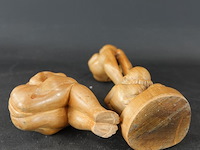 2 in hout gesneden sculpturen - afbeelding 5 van  5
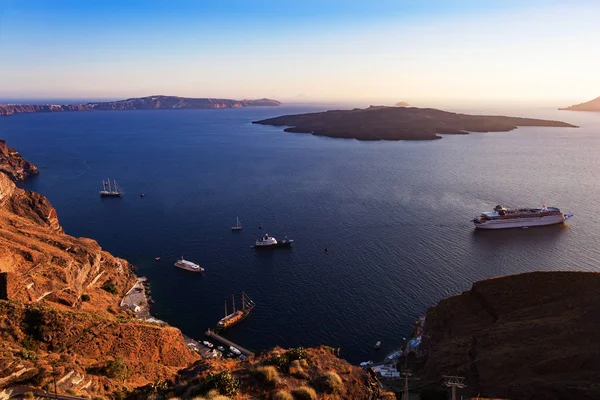 Santorini morze z Nea Kameni wulkanicznych i statki wycieczkowe — Zdjęcie stockowe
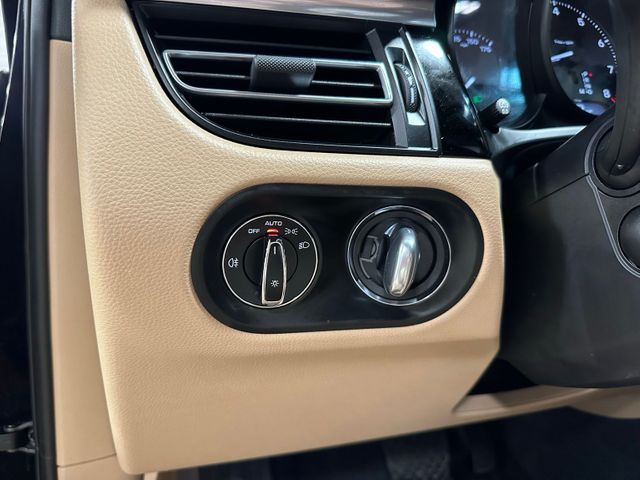 2025 Porsche Macan Base | Irving, Texas | Hopper Motorplex 2025 Porsche Macan Base | Irving, Texas | Hopper Motorplex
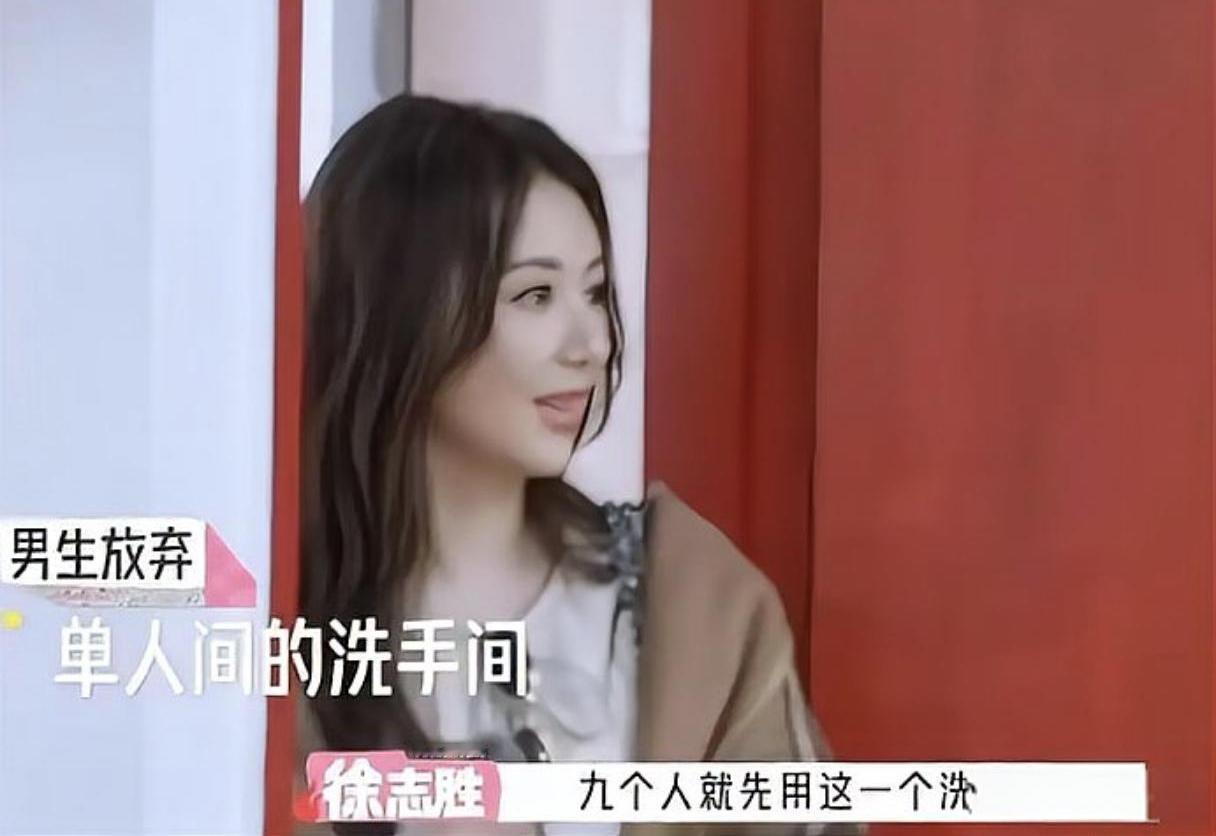 方媛在桃花坞的住宿争议，像面镜子照出成年人社交里的微妙分寸。男生区域那间带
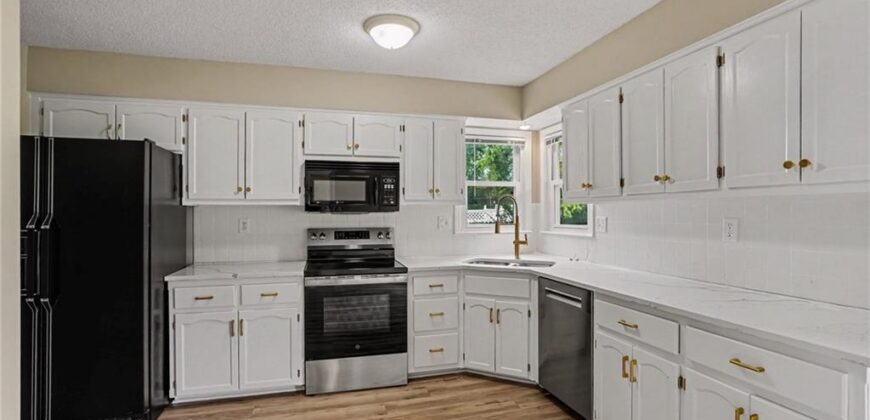 4905 NW 67th Street, Kansas City, MO 64151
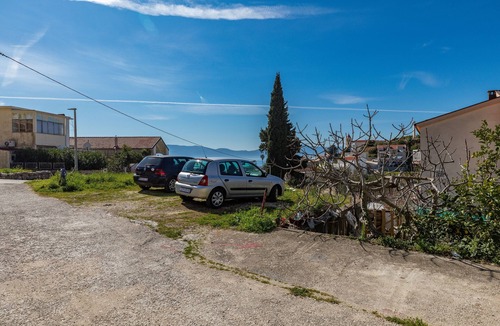 Gradac Apartment | Two bedroom apartment with balcony and sea view Gradac, Makarska (A-6820-b)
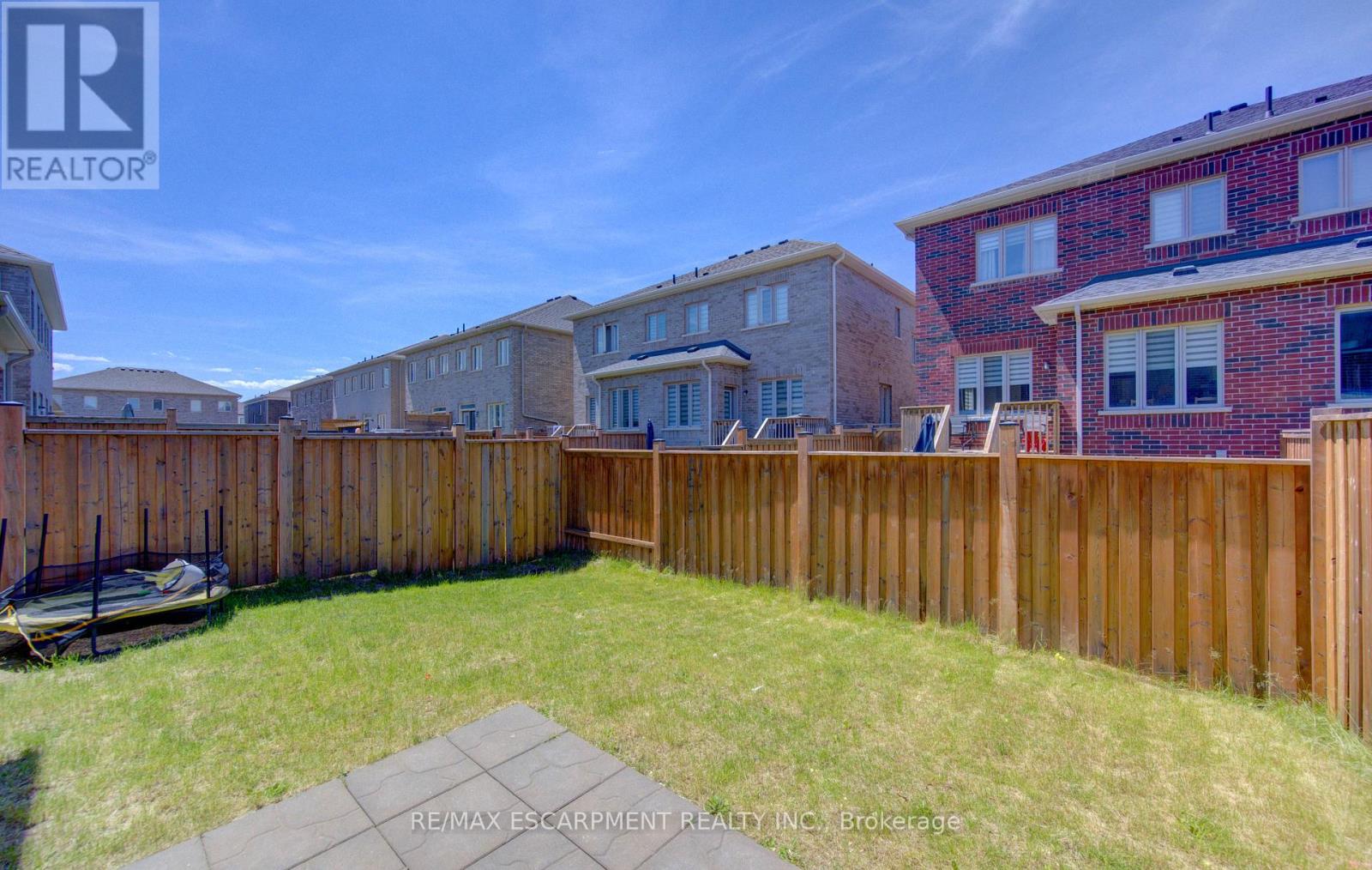 37 Great Falls Boulevard, Hamilton, Ontario  L8B 1X8 - Photo 40 - X13411398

#### Work instruction:
Please reproduce all the material exactly. Pictures stay out of the copy.

#### Finished task:
 2 in hout gesneden sculpturen - afbeelding 5 van  5
 Santorini morze z Nea Kameni wulkanicznych i statki wycieczkowe — Zdjęcie stockowe
 2025 Porsche Macan Base | Irving, Texas | Hopper Motorplex 2025 Porsche Macan Base | Irving, Texas | Hopper Motorplex
 方媛在桃花坞的住宿争议，像面镜子照出成年人社交里的微妙分寸。男生区域那间带
 4905 NW 67th Street, Kansas City, MO 64151
 Gradac Apartment | Two bedroom apartment with balcony and sea view Gradac, Makarska (A-6820-b)
 37 Great Falls Boulevard, Hamilton, Ontario  L8B 1X8 - Photo 40 - X13411398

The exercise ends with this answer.